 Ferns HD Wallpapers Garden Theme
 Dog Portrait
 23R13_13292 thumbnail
...
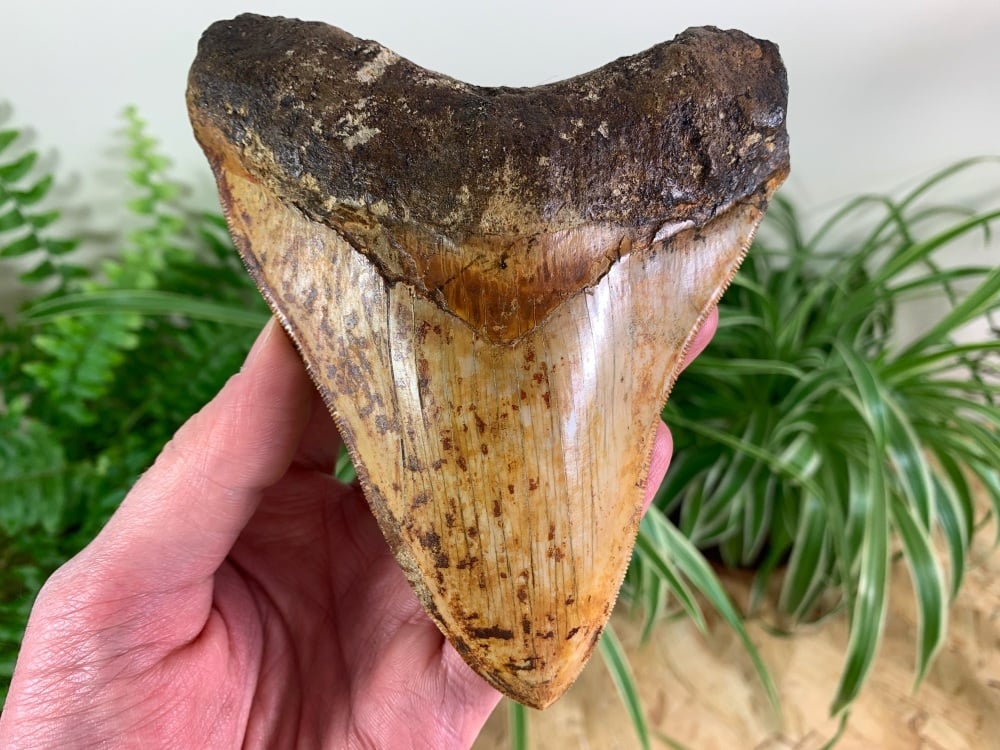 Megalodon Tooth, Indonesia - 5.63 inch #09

_WORK ORDER_.
Only those lines of the entries above that run from the line containing "Ferns HD Wallpapers Garden Theme" to the line containing "23R13_13292 thumbnail", both included, should be transcribed exactly.

_ANSWER BELOW_.
 Ferns HD Wallpapers Garden Theme
 Dog Portrait
 23R13_13292 thumbnail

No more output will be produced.